I feel the same with my Bose system... Mid is turned way down, Bass turned way up and still I can hardly hear it. I'm not a bass junkie - it's as if the subwoofer is off.

Do you have leather by any chance? The consensus is you need Vagcom to change the coding to trick the Bose system into thinking the car has fabric seats which turns the bass up. Not managed to try it yet on mine though.


----------



## ScoobyTT (Aug 24, 2009)

Check the fade also. If centred, the fade is normally quite front-biased so most of the sound will come form those on top of the dash, which are also the tinniest. To get the fade between front and rear balanced you shouldn't need it any more than say 30-40% rearwards for an average seating position. If you need it 60-70% for the sound to be neutrally placed then your unit may also need an update. If you go and see your dealer ask them to check the firmware/software version on your unit to see if there are any updates for it.


----------



## knoglas (Jan 20, 2012)

Hey,
I've tried everything I can with the EQ. Also turning the treble and mid all the way down, and max the bass. No difference.

Yes I have leather seats. I dont understand how this can affect the bass? =)
Please explain.'

Thanx


----------



## going..going..gone (Oct 12, 2011)

my Bass can sound overwhelming if set more then +2 from default, so I'd go as far as to say you may have a problem with yours. Also have you tried the 'loud' setting (if you're HU has it in the EQ options?) sends the sub mental!

edit: coupe or conv? coupe don't have a sub right?


----------



## knoglas (Jan 20, 2012)

Okey,
I found this topic.
viewtopic.php?f=19&t=139313

I now understand the seat(leather/cloth) thing you mentioned... Weird! Will contact my Audi dealer and see if they know how to do this. Seems like all Audi TT mk2 with Bose and leather seats have this issue, atleast 2006-2008.

Hmm.

Thanks guys.


----------



## MarcF-TT (Jun 14, 2011)

knoglas said:


> Okey,
> I found this topic.
> viewtopic.php?f=19&t=139313
> 
> ...


Please let me know what you uncover after speaking with the dealer! What head unit do you have by the way?
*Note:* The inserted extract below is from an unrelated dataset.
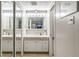 Bathroom with a mirrored cabinet, vanity, and sink at 491 Cervina Dr, Venice, FL 34285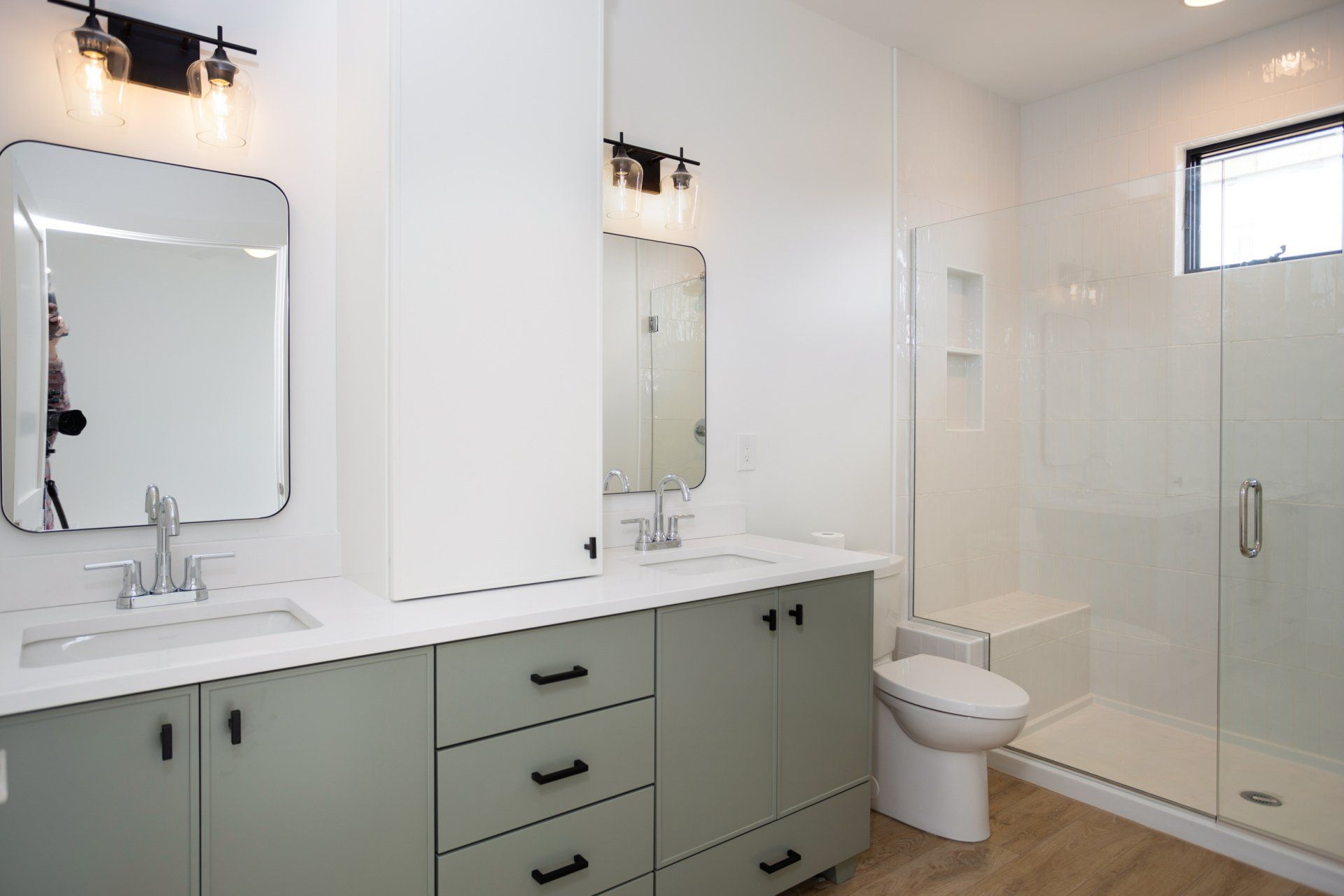 Modern bathroom with sage green vanity, two mirrors, and a glass shower.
And the Coupe does have a sub in the rear passenger quarter panel.


----------



## IC_HOTT (May 29, 2010)

psmith98752 said:


> And the Coupe does have a sub in the rear passenger quarter panel.


indeed - see the pic - item 7


----------



## MarcF-TT (Jun 14, 2011)

It is an awfully small subwoofer though! That's no excuse for the next to no bass with the Bose system. I really do think it's a problem with only the older TTs that have leather.


----------



## ScoobyTT (Aug 24, 2009)

I don't have a problem with it. I wonder if the number of people who say the bass is poor are suffering some hearing loss.


----------



## -:[KM]:- (May 16, 2010)

Another shot amp.
£640 fitted from Audi and a paltry 2 year guarantee if I remember rightly.


----------



## MarcF-TT (Jun 14, 2011)

ScoobyTT said:


> I don't have a problem with it. I wonder if the number of people who say the bass is poor are suffering some hearing loss.


I'm a young guy, no hearing loss. And I'm not a bass junkie either - currently listening to some music through HD600 headphones. With all the settings on flat, the system sounds not good at all. There's far too much midrange, it's piercing. So turning the midrange down helps but the bass is still lacking. It sounds better when the car is stationary but that's no excuse. The Bose system should sound excellent.


----------



## ScoobyTT (Aug 24, 2009)

I agree, it should sound excellent. I would really like to know why there is such an appart difference in experiences of the Bose system. :?


----------



## powerplay (Feb 8, 2008)

The Bose system is not great in my experience. It's partly due to the acoustics of the TT interior, but I've heard much much better.

A persons opinion of Bose is usually driven by their previous experience of car stereos or their appreciation for a decent audio system. It's very possible some will come to the TT having had genuinely worse in-car audio in which case they will say Bose is great, what's the fuss about.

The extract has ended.